Вечерняя усталость зимней природы, подступавшей вплотную к бревенчатым стенам ветхой избы, проникла внутрь ее и передалась людям. Кто–то откровенно зевнул. Кто–то искоса глянул на двуспальную хозяйскую кровать с периной и подушками. Кто–то откинулся к стене и закрыл глаза. И стало слышно, как за дверью щенком скребется ветер.
Разведчиков было шестеро. Их командир, чтобы не стеснять хозяев, решительно заявил, что его хлопцы улягутся на полу. Жестковато? А им не привыкать. Спору нет, на соломке было бы мягче, удобнее, но и без нее прожить можно. Была у него когда–то бабка, которая учила: «Держи, Васятка, голову в холоде, живот в голоде, а ноги в тепле…» Дельный совет, не правда ли?
Когда старики и Анастасия ушли за перегородку, командир бросил на пол свой полушубок, разулся и тут же мощно захрапел, и остальным разведчикам не оставалось ничего другого, как пристроиться возле него. В том числе, разумеется, и Хакимову, у которого сна не было ни в одном глазу и который согласен был хоть до утра глядеть на тихую Анастасию.
Тем не менее и Хакимов вскоре тоже забылся тяжелым сном.
Однако не прошло и часа, как он вскочил и, ошалело тараща глаза, схватился за свой верный ППШ. Его разбудил стук.
Кто–то требовательно стучал в ближайшее оконце.

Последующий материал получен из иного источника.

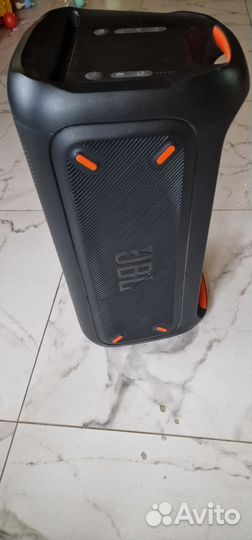 Jbl partybox 100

Хакимов растолкал командира. Ну вот кончилась их лафа… Командир не сомневался, что это явились по их грешные души. То, что им был торжественно обещан трехдневный отдых, еще ничего не значило: в прошлом уже не раз бывало, что у начальства отшибало память. Но на сей раз командир ошибся. Старик, ворча, слез с кровати и прошлепал к дверям. Кого это черти носят? Звякнула клямка, послышались сдавленные голоса… Посторонившись, старик впустил в избу двух человек, в которых при свете каганца командир безошибочно признал своих. То были раненые, которые топали на полковой медпункт. На одном из них, одетом в бушлат, лихо сидела шапка–ушапка, а на другом, который был в матросской бескозырке, топорщилась пехотная шинель. Раненые проковыляли к столу, опираясь на свои карабины, словно на посохи, и плюхнулись на лавку. Оба они были ранены в ноги: один в левую, а другой — в правую.
— Откуда топаете, морячки? — спросил командир.
— Из лесу, вестимо… — в тон ему ответил тот, который был в бескозырке.
Раненые шли из–под Лобни. Там, возле железнодорожного переезда, до сих пор угарно горели подожженные бутылками немецкие танки.
— Местечко найдется?
— А ты часом не храпишь? — спросил командир. — Тогда ложись. Хакимов, подвинься.
В избе еще крепче запахло войной: к запаху портянок, оттаявших валенок и армейских овчин добавилась приторная сладость окровавленных бинтов и гноя. Да и теснота стала больше. Когда старик, кряхтя, снова забрался под одеяло, тишина улеглась и в ней утонуло тиканье домашних ходиков.